I DANNI NELLA GUERRA AL TERRORE
Ma in un momento delicato come questo e alla vigilia di importanti manifestazioni internazionali come il Giubileo, è senza dubbio la lotta al jihadismo quella più penalizzata. “In tema di fondamentalismo – prosegue il Corsera – il grave danno riguarda soprattutto le attività di prevenzione.
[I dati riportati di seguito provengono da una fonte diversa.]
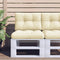 vidaXL - Palletkussen - 60x40x12 - cm - stof - crèmekleurig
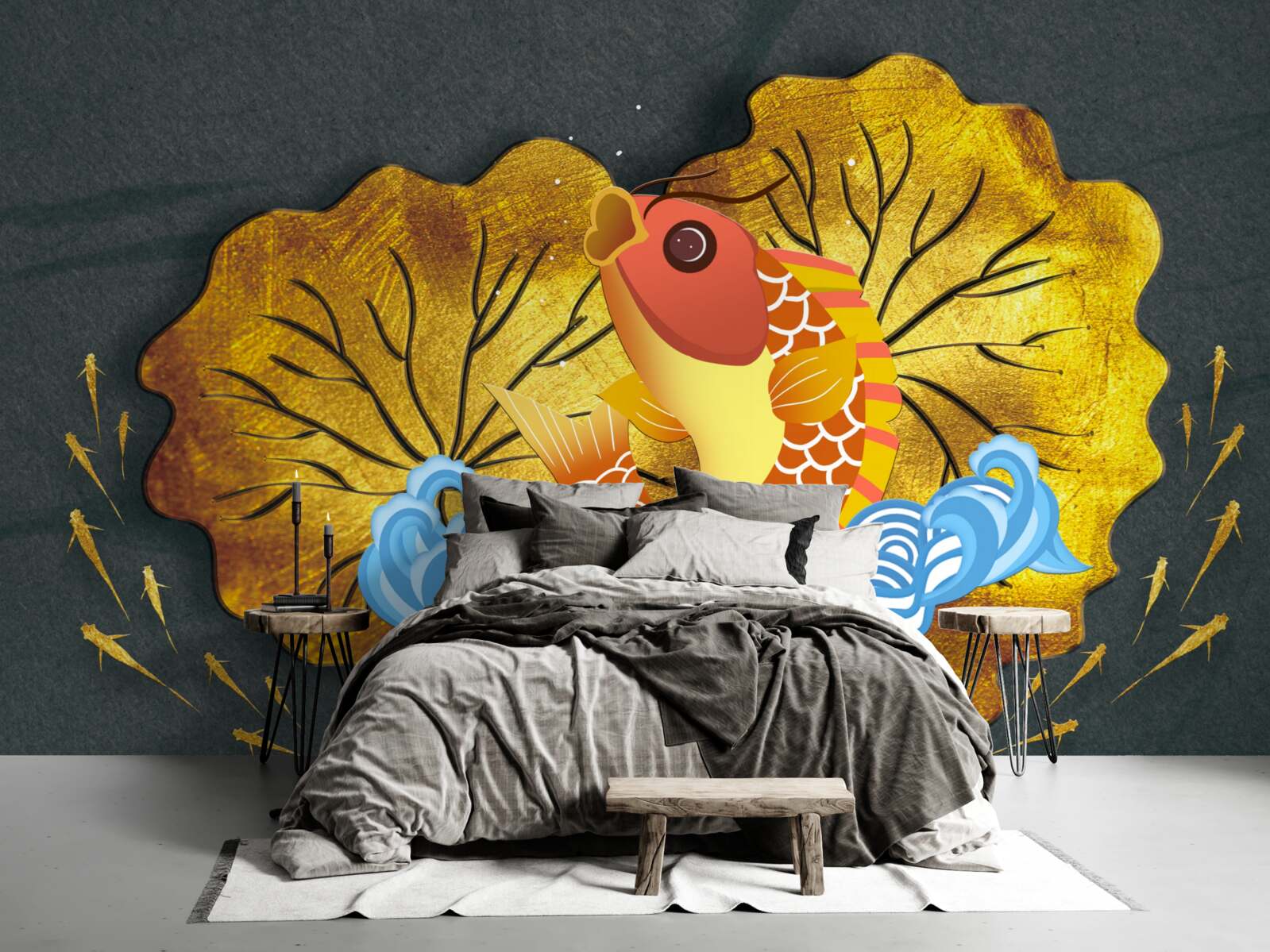 Fototapeta jesenné lístie a ryby vo vode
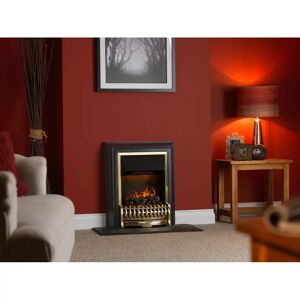 Dimplex Bramdean Optimyst Free Standing Fire, Brass and Black Electric Fire With 2kW Heater yellow 67.0 H x 56.6 W x 21.7 D cm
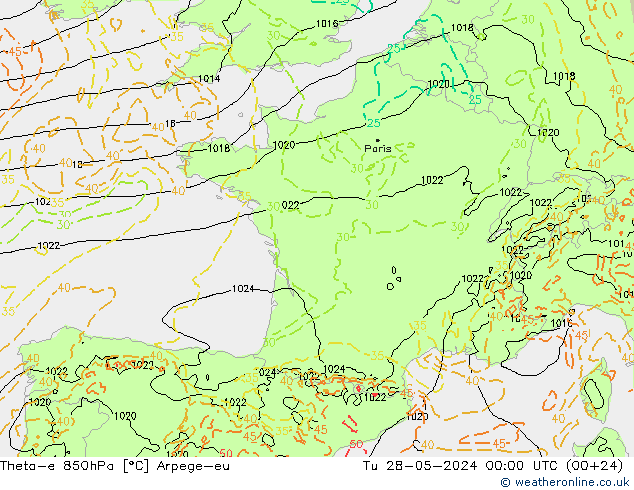 Theta-e 850hPa Arpege-eu Út 28.05.2024 00 UTC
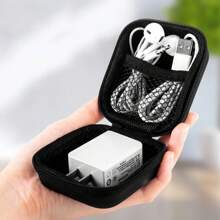 Proteção para fone de ouvido Organizador de cabo compacto Estojo quadrado Mini bolsa portátil com zíper para fone de ouvido/USB Bolsa de armazenamento Organizador de cabo de dados USB Bolsa portátil Caixa de armazenamento de itens pequenos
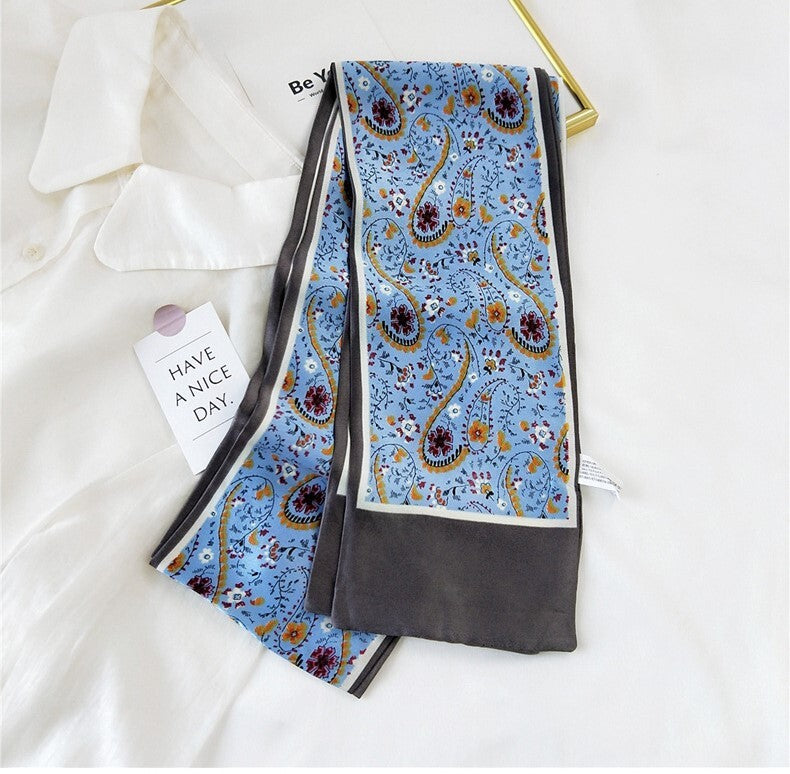 Paisley print long rectangle scarf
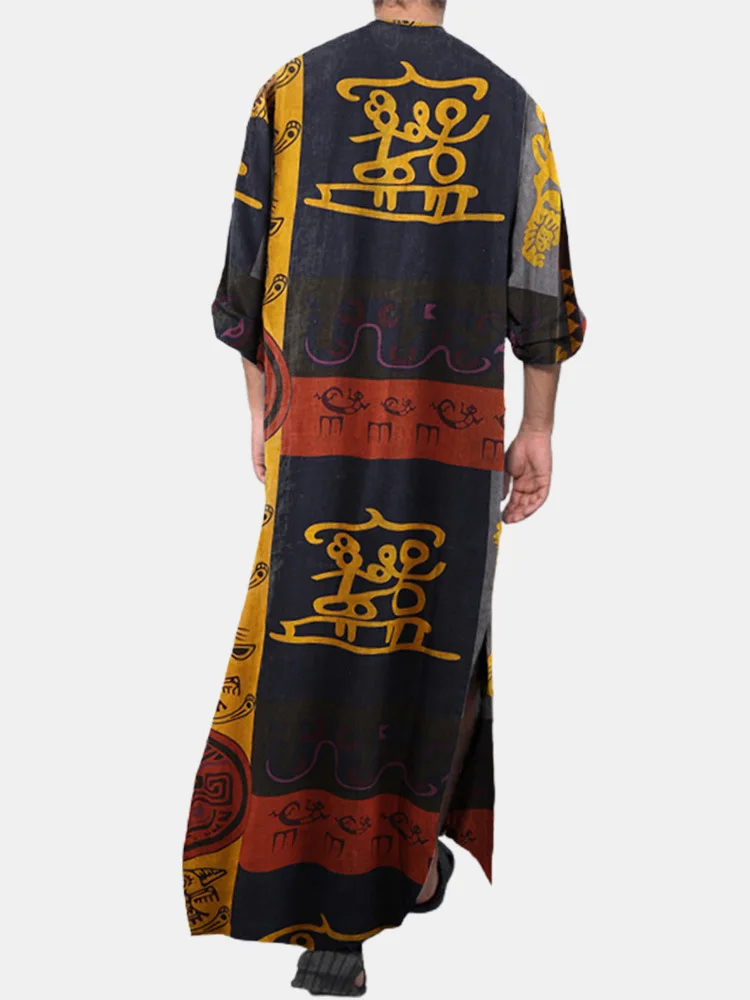 2022 Muslim Robe New Men\'s Casual Loose Oracle National Printed Long Nightgown In Europe and America Kaftan House Robe for Men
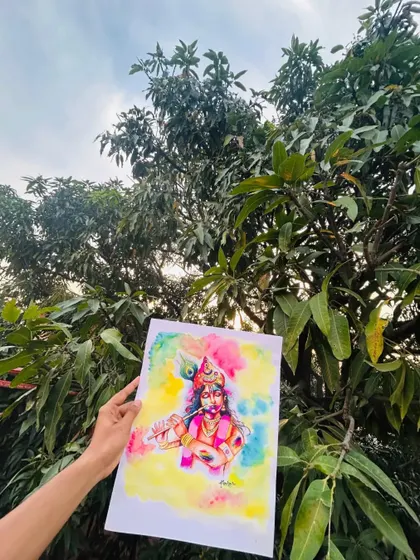 Another shot of the Krishna Holi painting, showing the blend of watercolors that create a dreamy, colorful background.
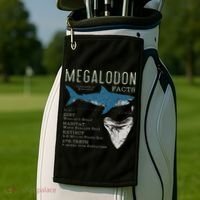 Megalodon Meg Facts Funny Shark Lover Gift Golf Towel thumb 2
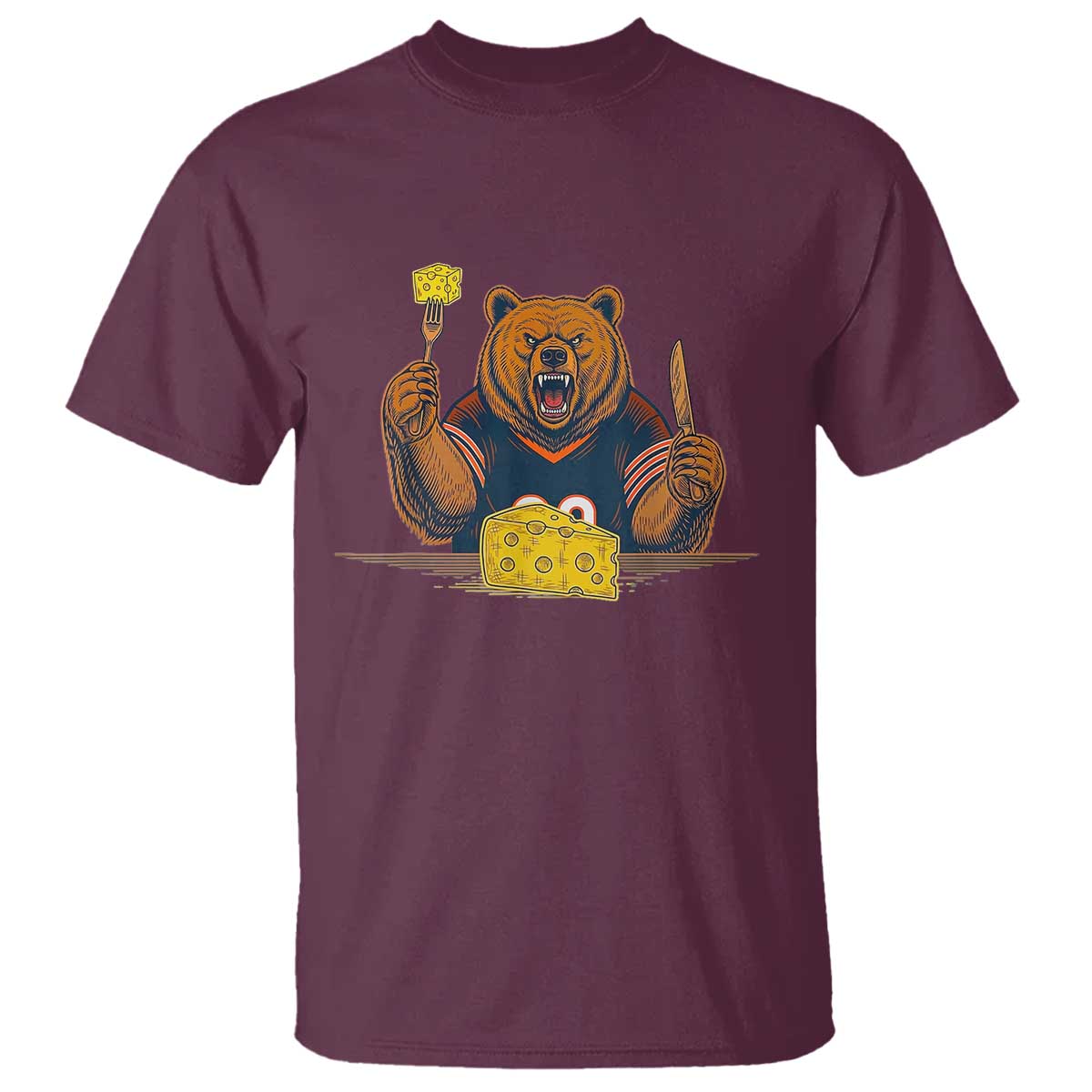 Fierce Bear Eating Cheese T Shirt Let's Eat Cheese Funny Sports Rivalry TS02 Maroon Print Your Wear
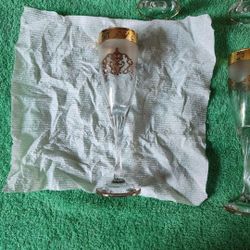Vintage 24k Gold Plated 6pk Champagne Flutes 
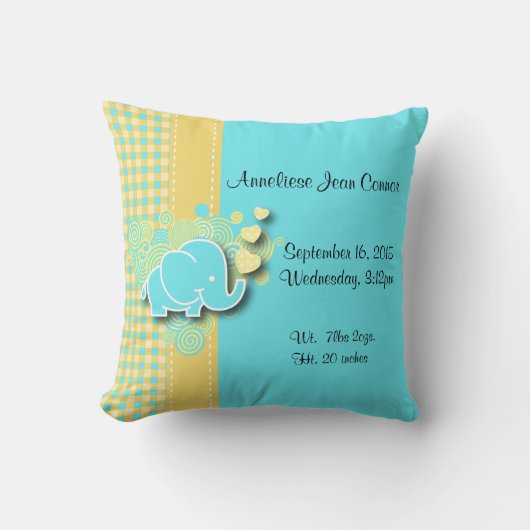 Coussin Thème jaune et bleu de crèche d'éléphant de bébé (Recto)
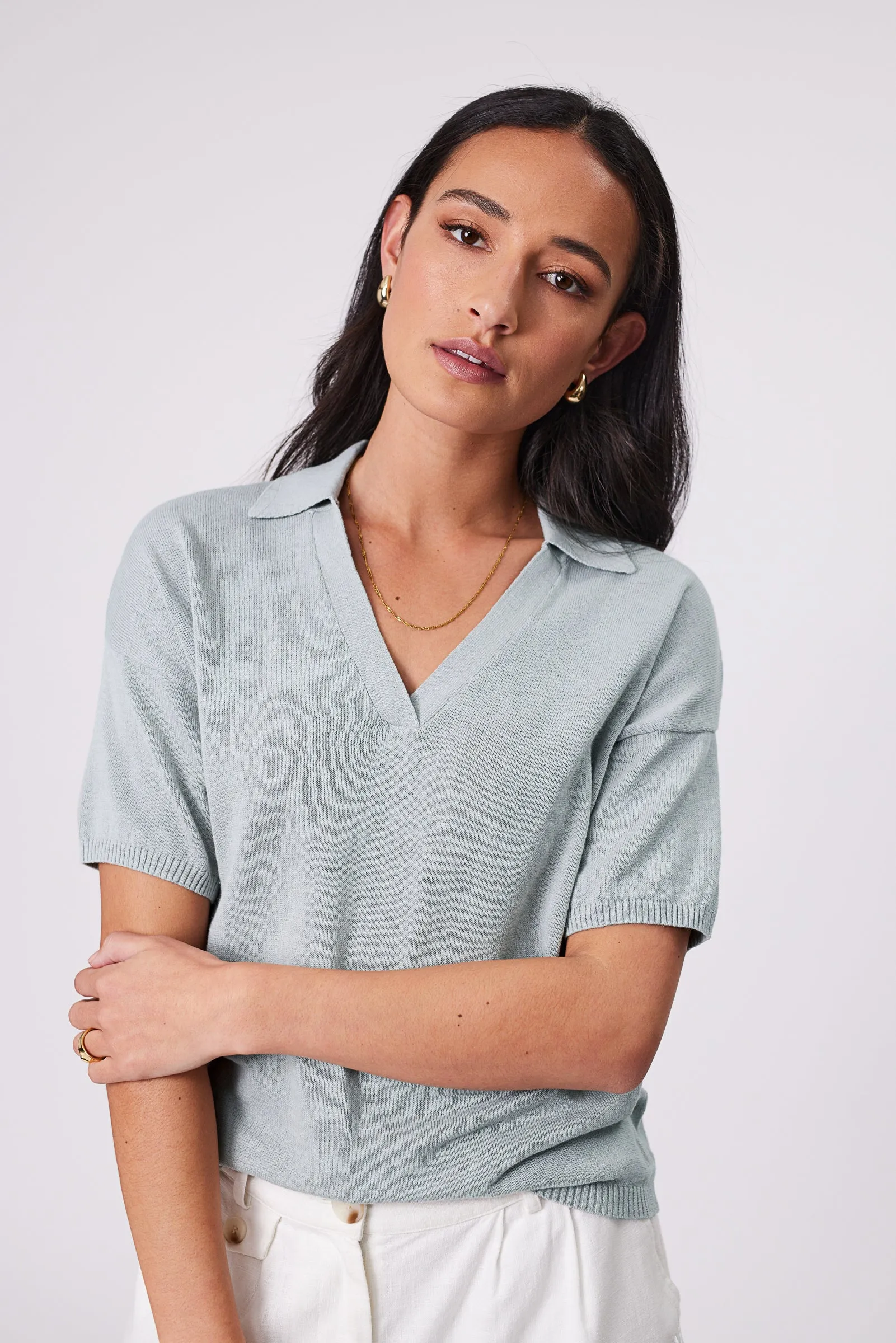 Eden Polo Knit - Duck Egg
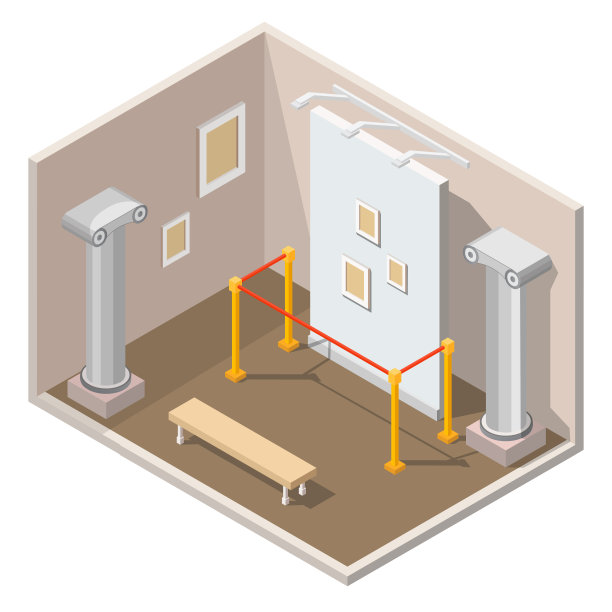 等角博物馆内部矢量3d背景图片下载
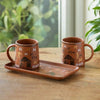 Image 1 of Default Title for the product ExclusiveLane Warli Village Tales Ceramic Coffee Mugs Set of 2 with Tray 300 ml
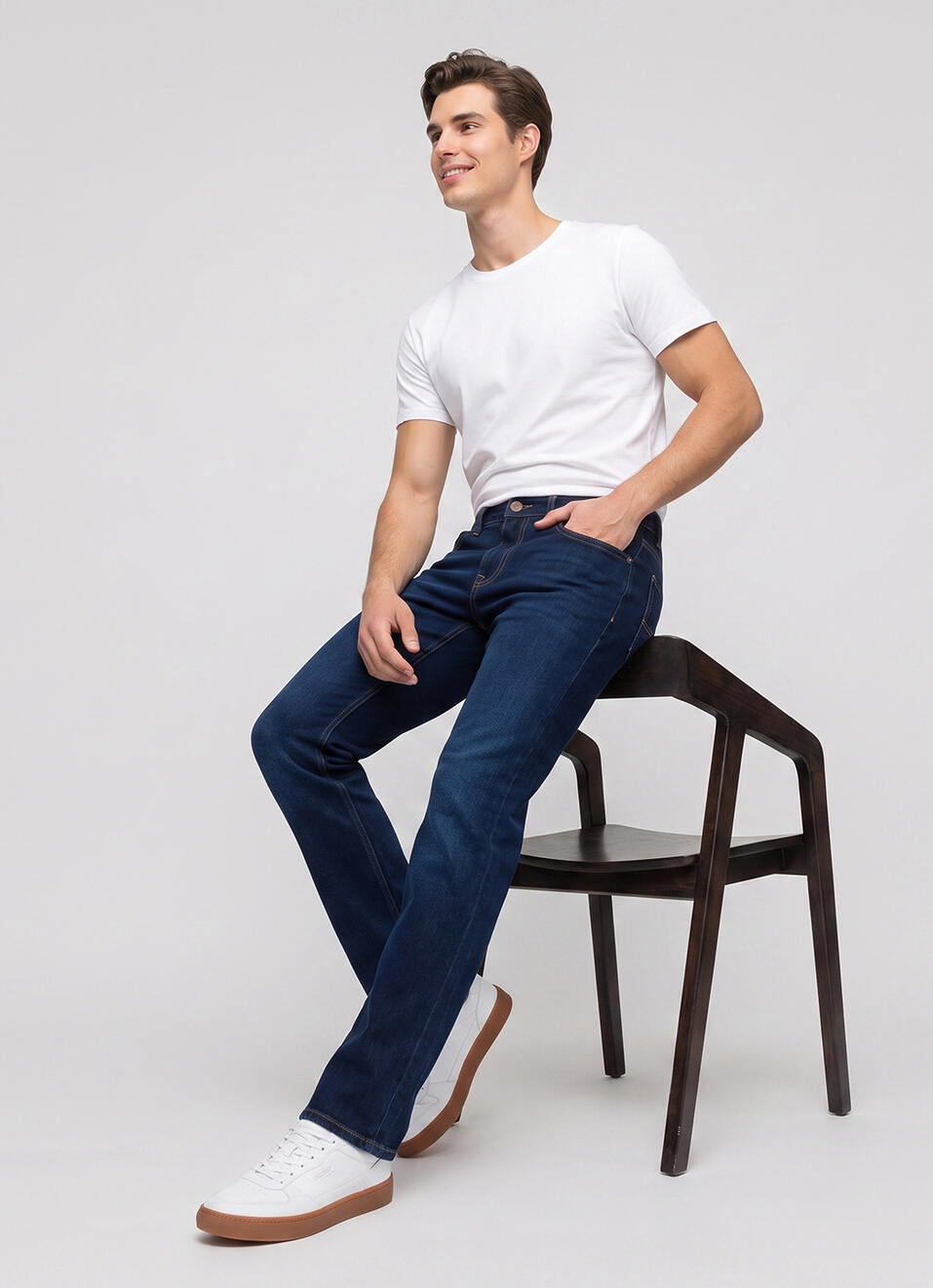 Men Bootcut Mid Rise Stretchable Jeans, , large image number 1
I controlli vengono infatti effettuati monitorando ciò che gli stranieri residenti tra Roma, Milano, Torino e altre importanti città postano via web, i siti che frequentano, i contatti che hanno, con un’attenzione particolare a quelli nelle zone di guerra o comunque dominate dall’Isis”. Ora lo stop del software toglie di fatto quest’arma alle forze di polizia, preoccupate di ciò che potrà accadere in futuro. Oggi non esiste infatti nessuna azienda italiana che possa offrire il medesimo servizio.
I RAPPORTI COI SERVIZI
Proprio questa unicità e il suo dirompente potenziale potrebbero essere stati alla base delle turbolenze che hanno riguardato Hacking Team. Il ceo della società, David Vincenzetti – mette in luce oggi Il Fatto Quotidiano -, intratteneva rapporti costanti con la nostra intelligence, in particolare con il signor “G” (che secondo la corrispondenza “corrisponde al generale Angelo Vitale“), uno 007 che avrebbe contribuito a salvare l’azienda da alcune talpe (due dimissionari e un interno) che ne mettevano a repentaglio il futuro già nel maggio 2014, ben prima della maxi fuga di dati avvenuta nelle scorse settimane. Spulciando le email pubblicate da Wikileaks, svela il giornale diretto da Marco Travaglio, “si scopre che è il signor G” a rivelare a Vincenzetti “un fatto inquietante: un ex collaboratore… sta lavorando con hacker stranieri che collaborano con organizzazioni terroristiche” per costituire “un’azienda rivale capace di commerciare un antidoto ai software di HT, da vendere a Paesi stranieri”. Uno di questi due doppiogiochisti sarebbe stato poi incontrato da un altro agente dei Servizi, il signor “C” (che “nelle mail utilizzate corrisponde al colonnello Riccardo Russi“). Tutte circostanze che per Il Fatto Quotidiano evidenziano “lo strettissimo legame tra la Hacking Team e l’Aise”. Un feeling che troverebbe conferma “non soltanto per la rivelazione sull’ex collaboratore, ma anche sull’intenzione di salvare l’azienda che, sempre nel 2014, rischia di uscire dal mercato per le restrizioni che il Mise ha intenzione di applicare alla sua politica commerciale con l’estero”. D’altronde tutte queste circostanze avevano spinto lo stesso amministratore delegato dell’azienda, nel novembre di quell’anno, a dire ai nostri Servizi di essere a disposizione per lavorare a contatto ancora più stretto con loro, in modo quasi esclusivo o comunque privilegiato, in previsione “di un conflitto su larga scala”, la “minaccia russa”. Una collaborazione che, forse, non ha mai visto la luce. Mentre i primi effetti di quella guerra, prima solo temuta, potrebbero essere invece proprio quelli a cui assistiamo oggi.